EXERCISE INSTRUCTIONS: From the line containing "Leather Case For" to the line containing "artificial intelligence symbolized" in the records below, set down every line exactly as it stands, both ends included, and skip the pictures.

DATA FOR THIS TASK:
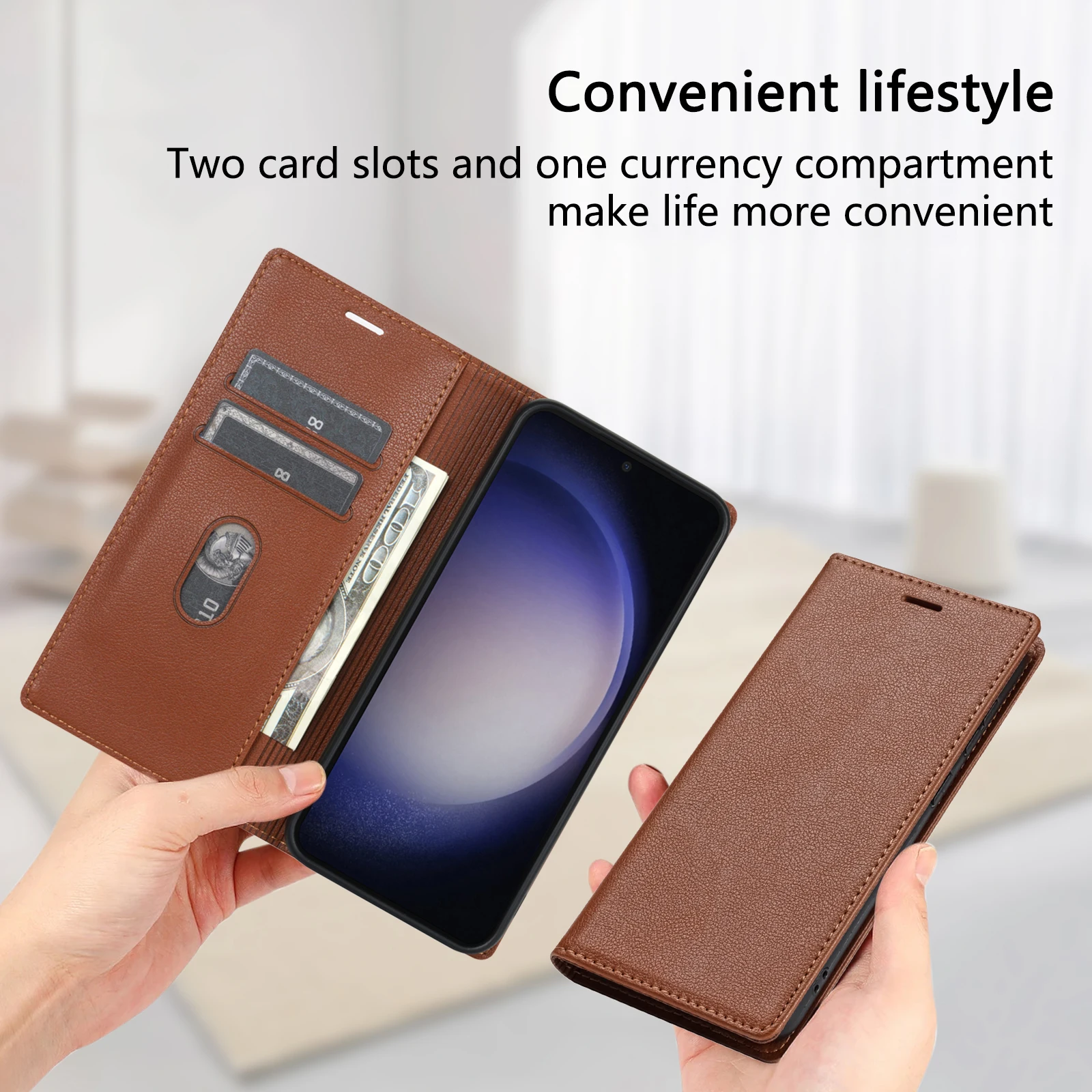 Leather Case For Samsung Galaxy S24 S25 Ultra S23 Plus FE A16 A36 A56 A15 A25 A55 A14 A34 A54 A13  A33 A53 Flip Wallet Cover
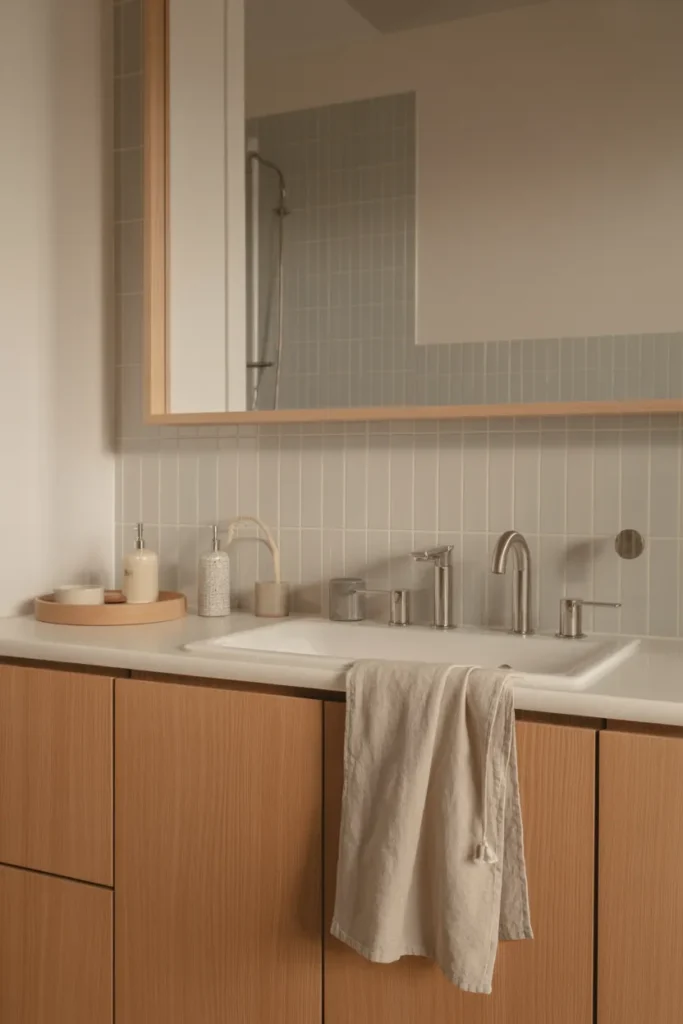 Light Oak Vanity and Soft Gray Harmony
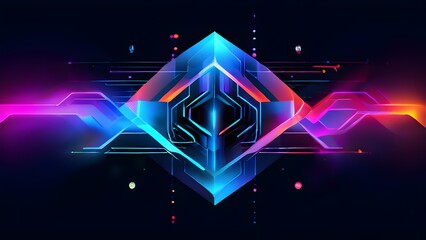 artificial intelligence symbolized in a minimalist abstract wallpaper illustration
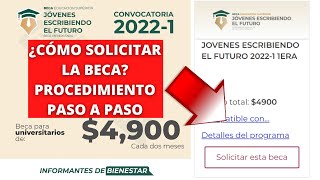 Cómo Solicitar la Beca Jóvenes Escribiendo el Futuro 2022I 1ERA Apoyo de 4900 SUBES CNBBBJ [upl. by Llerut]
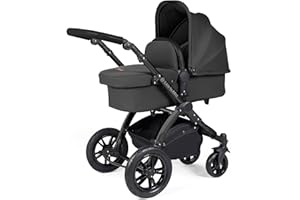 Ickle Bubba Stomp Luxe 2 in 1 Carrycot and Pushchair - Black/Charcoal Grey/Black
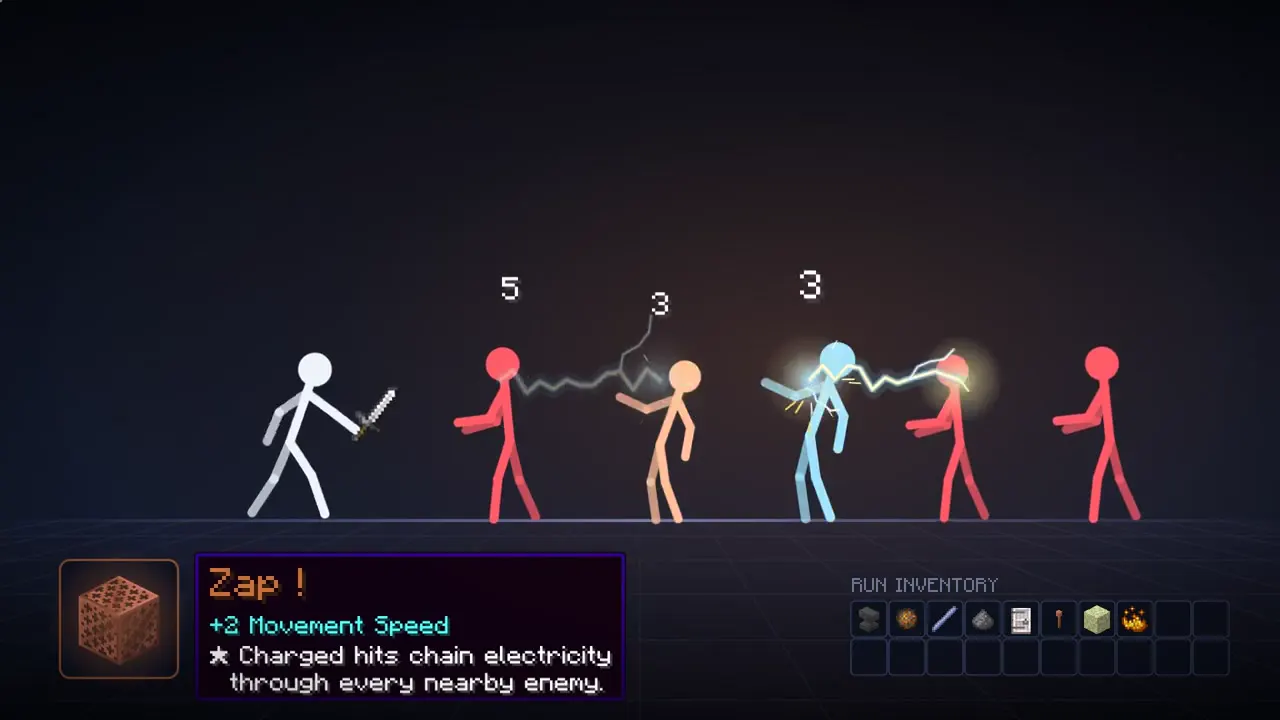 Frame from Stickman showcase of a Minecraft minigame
---
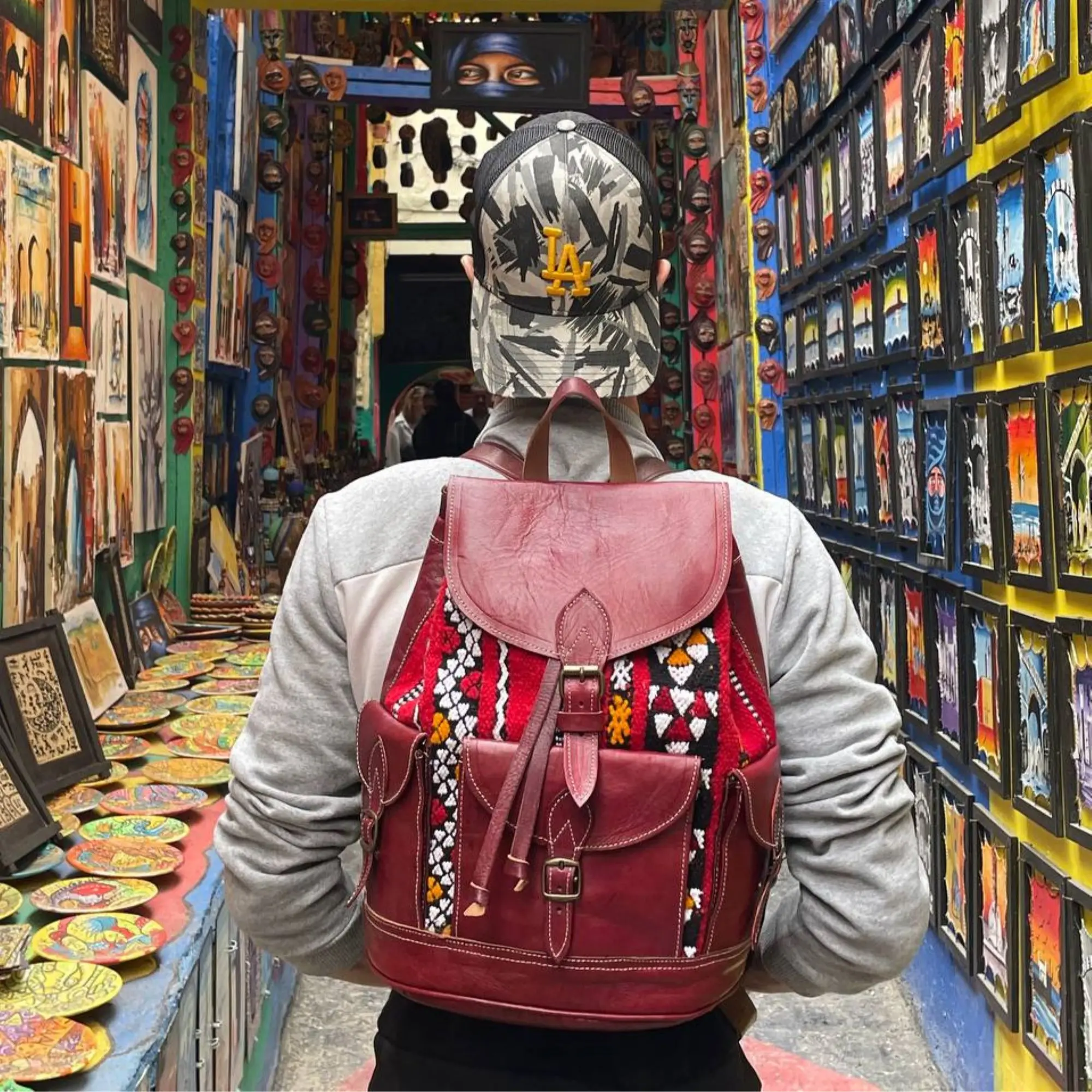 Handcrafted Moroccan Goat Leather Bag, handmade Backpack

TASK RESULT:
 Leather Case For Samsung Galaxy S24 S25 Ultra S23 Plus FE A16 A36 A56 A15 A25 A55 A14 A34 A54 A13  A33 A53 Flip Wallet Cover
 Light Oak Vanity and Soft Gray Harmony
 artificial intelligence symbolized in a minimalist abstract wallpaper illustration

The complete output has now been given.